WORK INSTRUCTION: Exactly the lines from the one containing "Litomyšl - Giardini del monastero" through the end of the records must be reproduced; leave out all pictures.

START DATA RECORDS

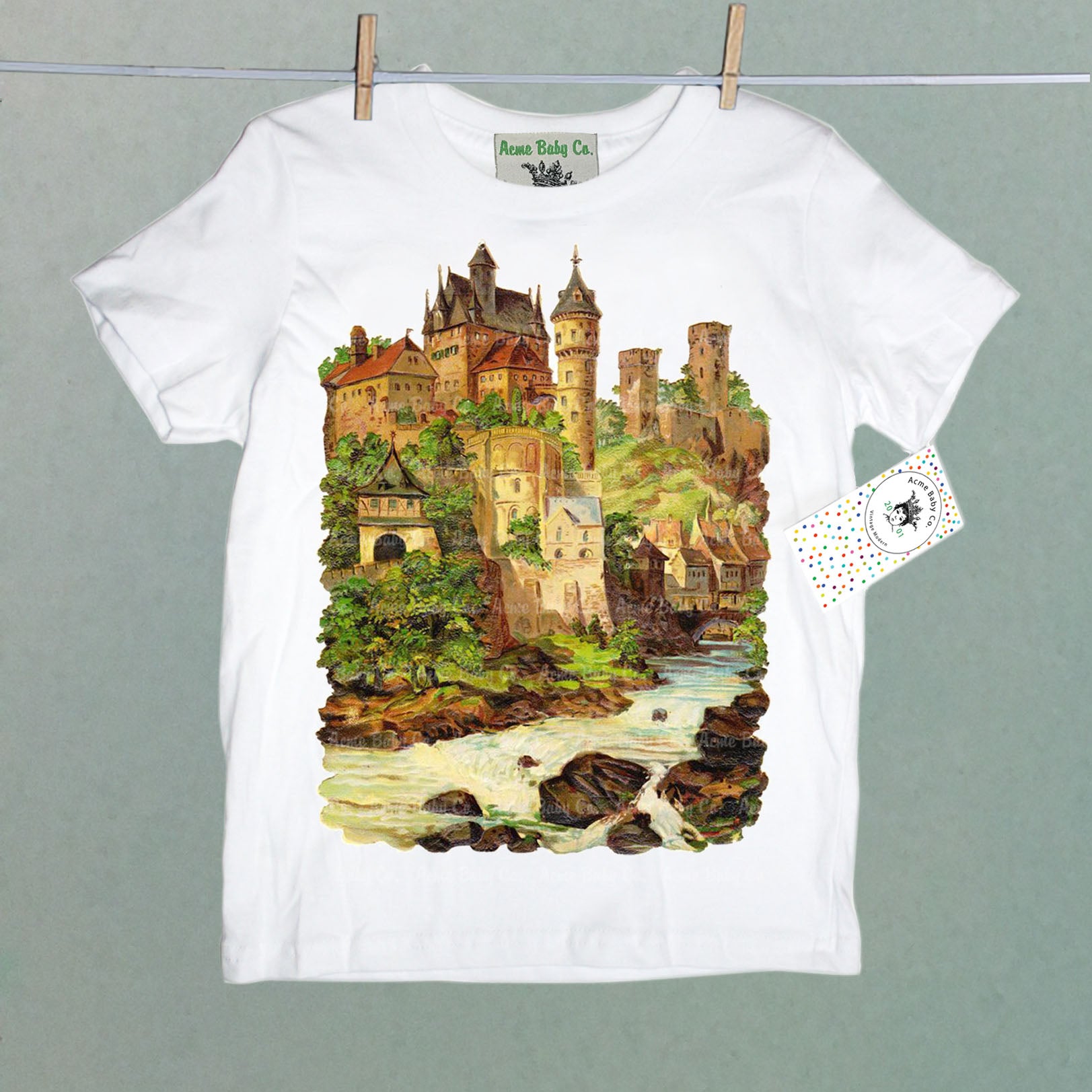 European Castle Children's Shirt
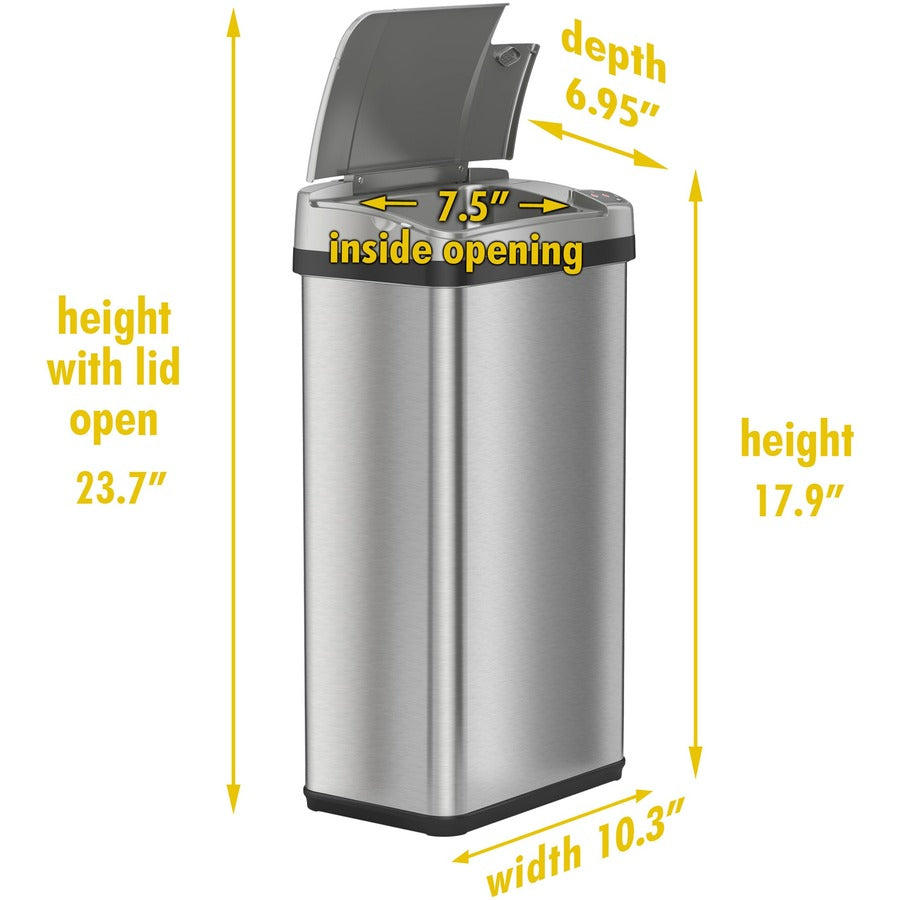 HLS Commercial Stainless Steel Sensor Trash Can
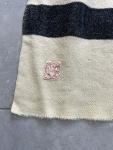 Hudson Bay Striped Wool Blanket with Red Logo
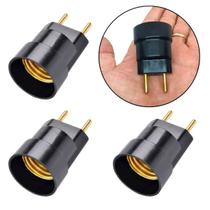 Bocal Soquete Porta Lampada Borne Embutido Base E27 03 Un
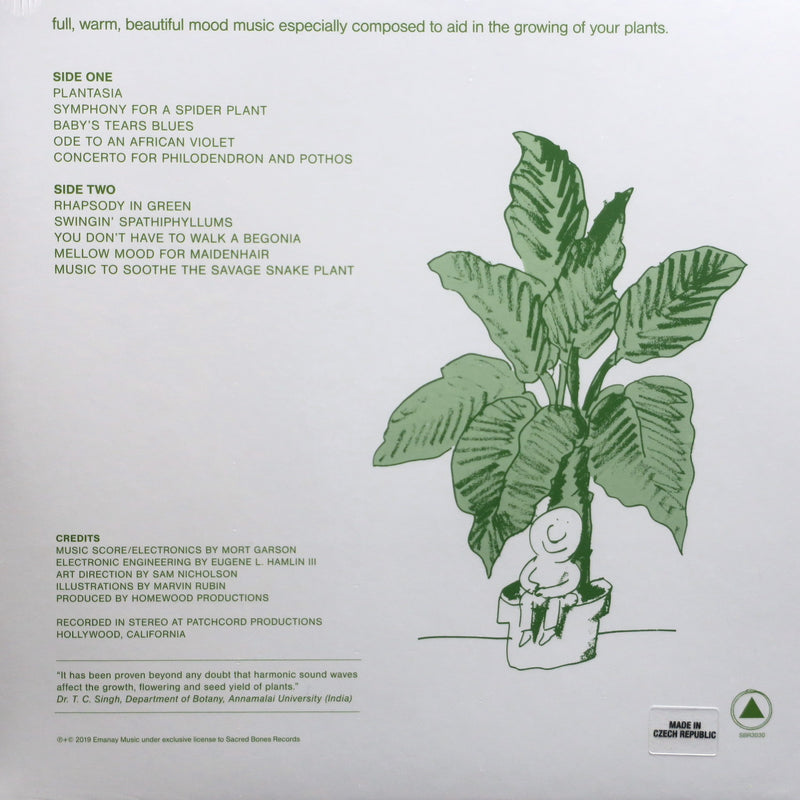 MORT GARSON 'Mother Earth's Plantasia' Vinyl LP (1976 Electronic)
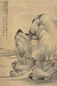 林纾 1915年作 访戴图 立轴 设色纸本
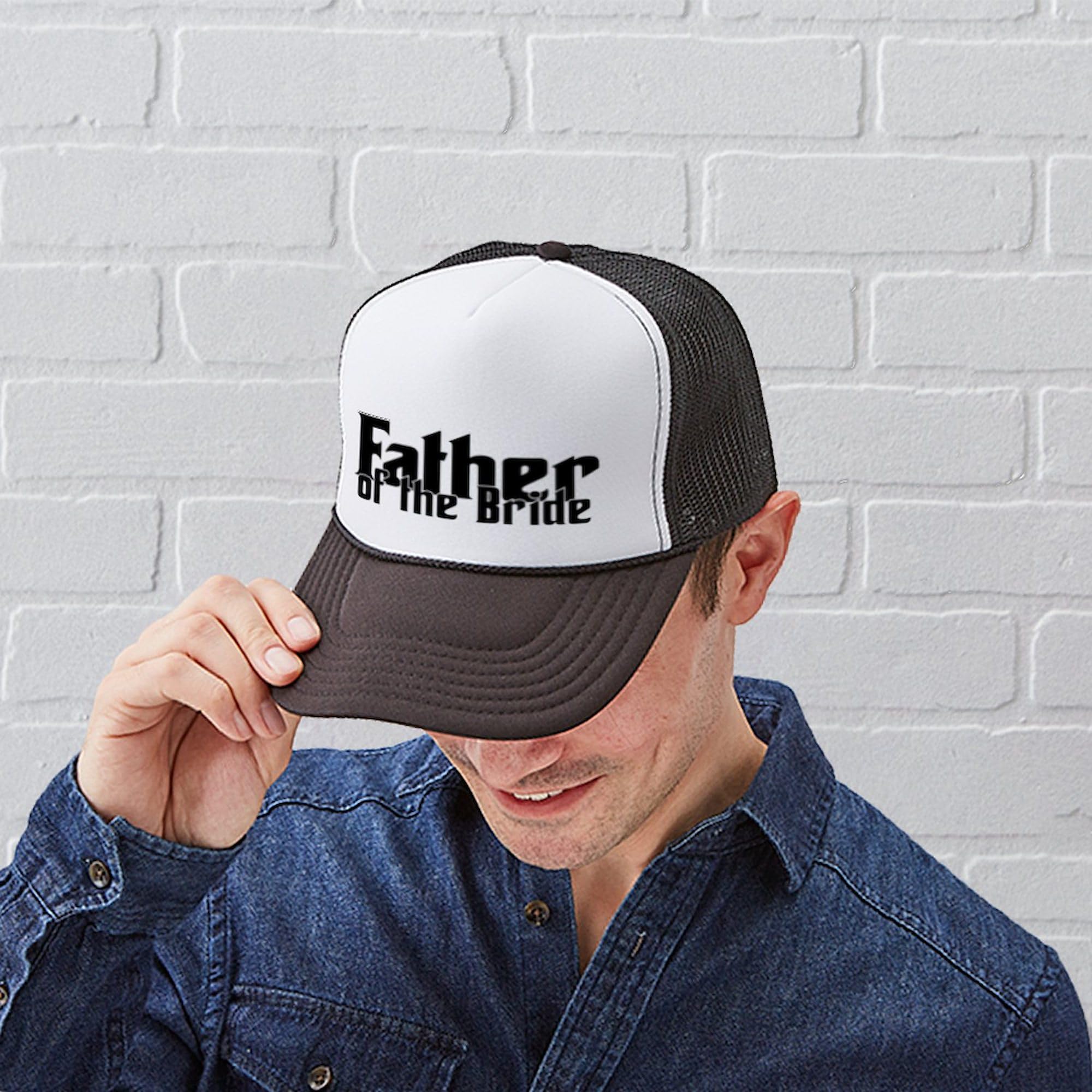 Father of The Bride Adjustable Snapback Trucker Hat - Perfect for Weddings, Parties & Casual Wear | CafePress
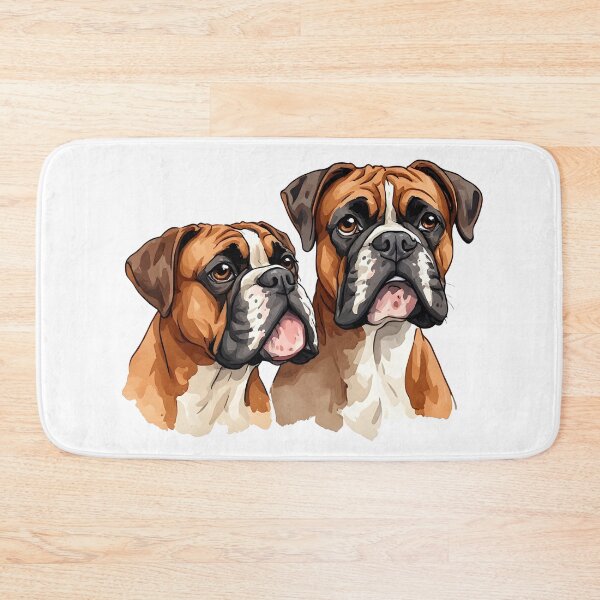 Item preview, Pair of Boxer Dogs Portrait – Realistic Boxer Breed Illustration designed and sold by Karolina’s Cozy Creations.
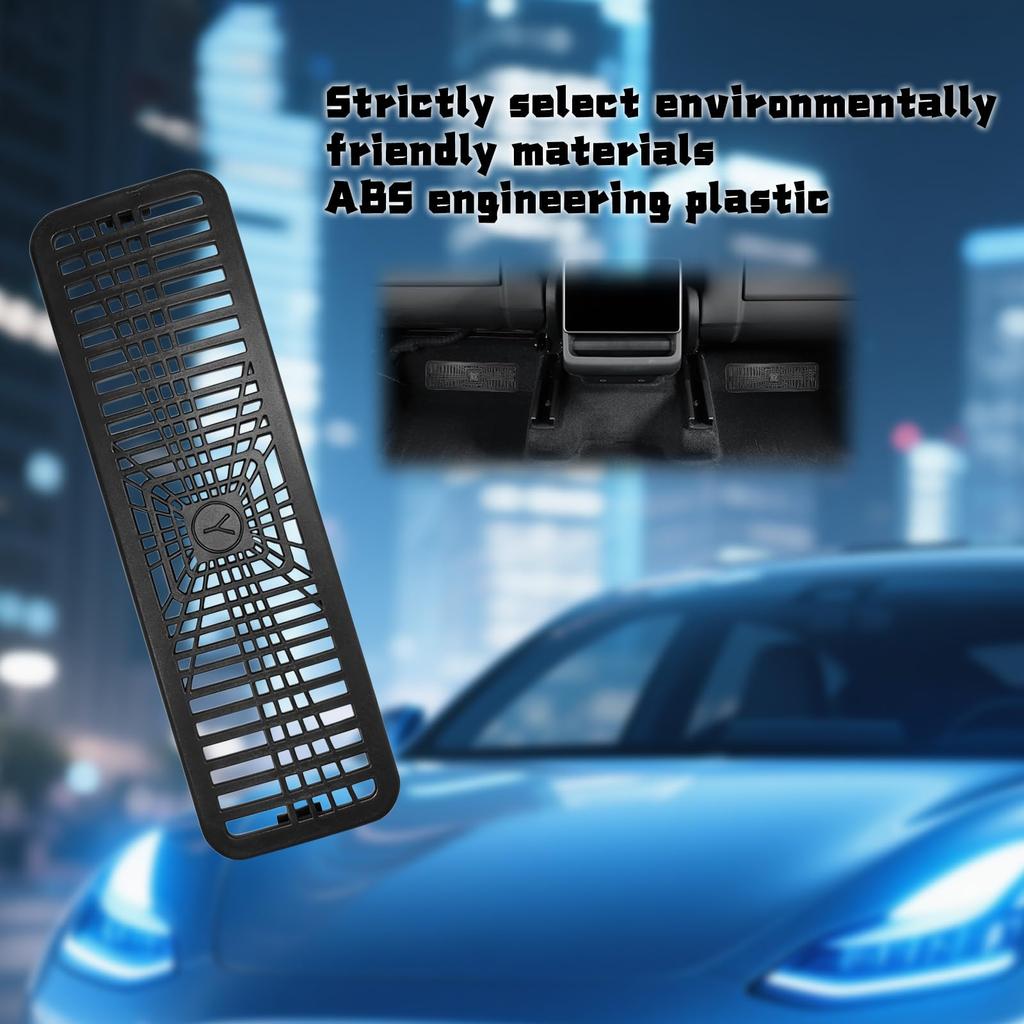 2Pcs Rear Seat Under-Seat Air Vent Grille Protectors for Tesla Model Y Juniper 2025 2026 Impact-Resistant AC Outlet Covers Tool-Free Interior Acces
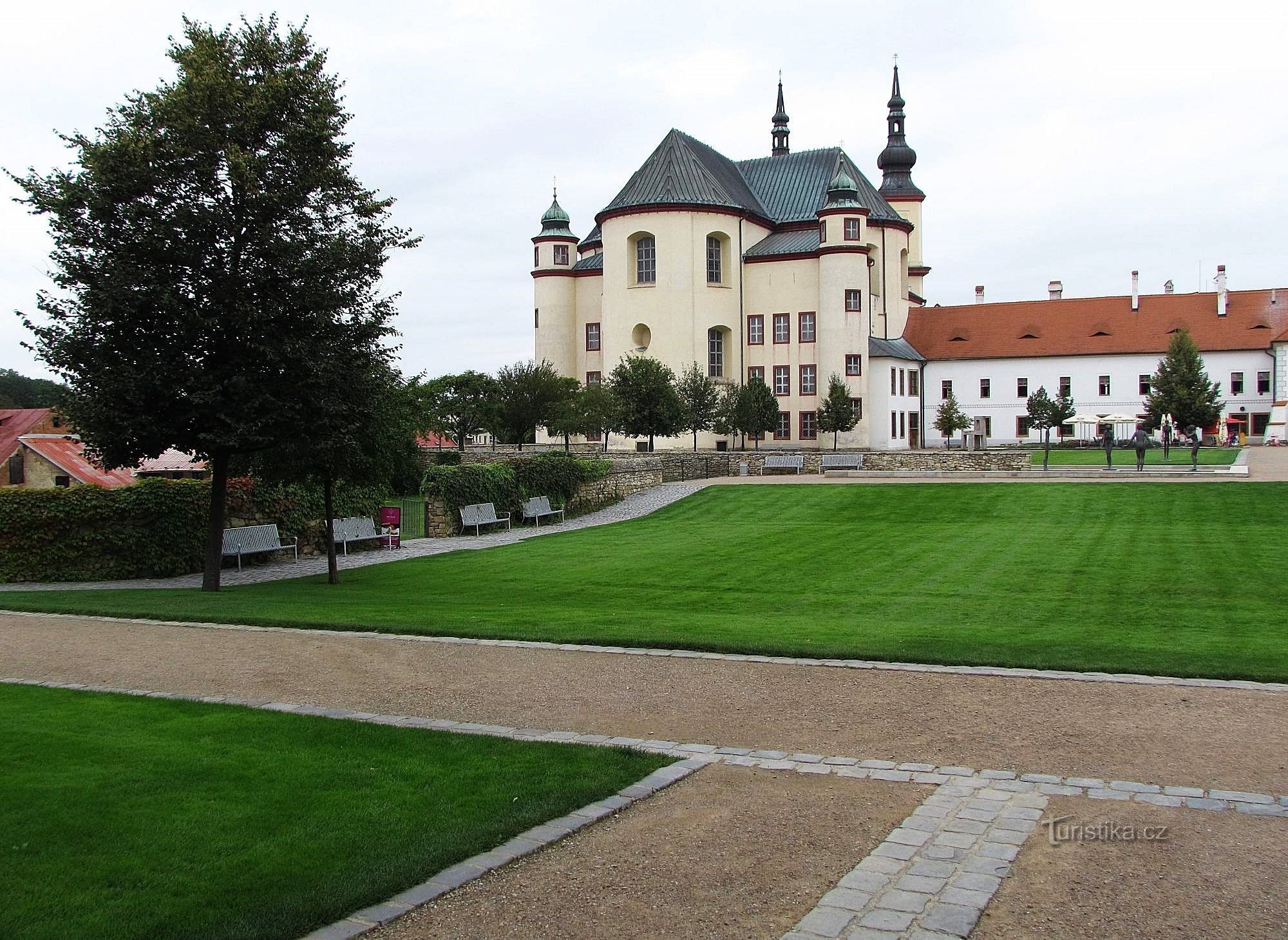 Litomyšl - Giardini del monastero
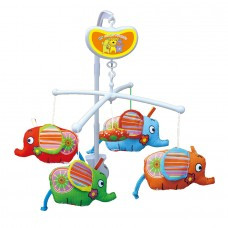Biba toys музыкальный мобиль СЛОНИКИ
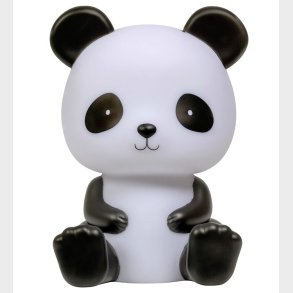A Little Lovely Company Natlampe - Panda - 19 cm - Sort/Hvid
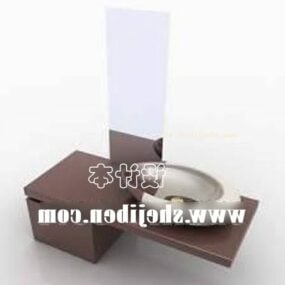 Meubles de lavabo en pierre modèle 3D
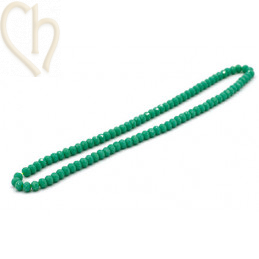 Ronde aplatie facettées 6*4mm couleur Turquoise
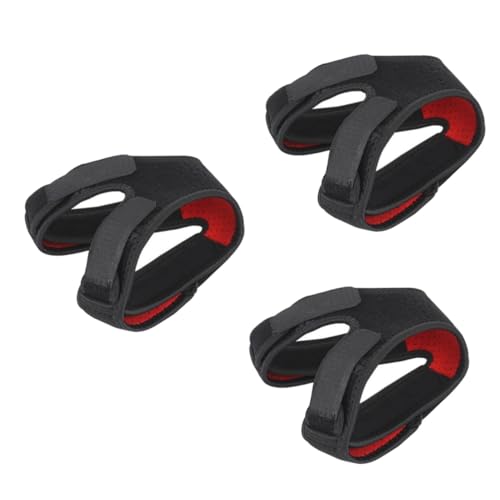 FOMIYES 3pcs Patella Strap Knee Support Breathable Compression Brace for Sports Comfortable Fit for Running Basketball Cycling Reduces Patella Tendon Strain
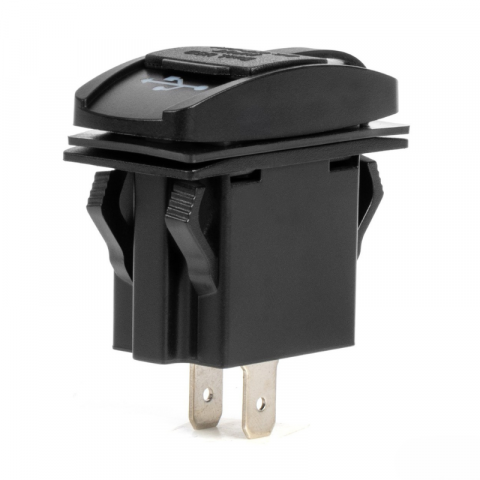 Priza USB Dubla Incastrabila Auto/Barca, Impermeabila, LED Rosu, 12V/24V [2]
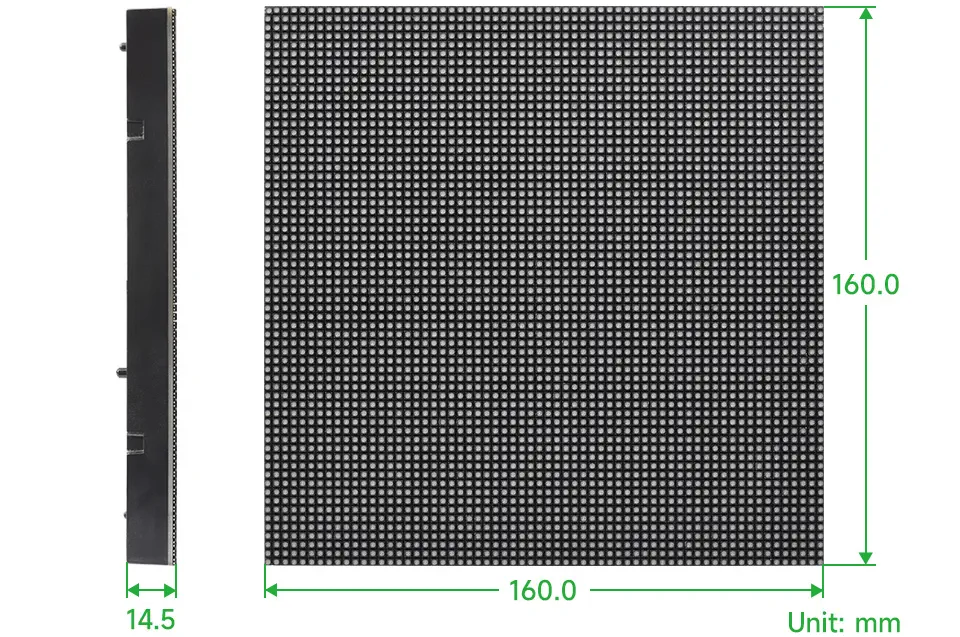 Panel de Matriz LED RGB Full-Color de Waveshare, 64x64 Píxeles, Brillo Ajustable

END DATA RECORDS

COMPLETED EXERCISE:
 Litomyšl - Giardini del monastero
Biba toys музыкальный мобиль СЛОНИКИ
A Little Lovely Company Natlampe - Panda - 19 cm - Sort/Hvid
 Meubles de lavabo en pierre modèle 3D
 Ronde aplatie facettées 6*4mm couleur Turquoise
 FOMIYES 3pcs Patella Strap Knee Support Breathable Compression Brace for Sports Comfortable Fit for Running Basketball Cycling Reduces Patella Tendon Strain
 Priza USB Dubla Incastrabila Auto/Barca, Impermeabila, LED Rosu, 12V/24V [2]
 Panel de Matriz LED RGB Full-Color de Waveshare, 64x64 Píxeles, Brillo Ajustable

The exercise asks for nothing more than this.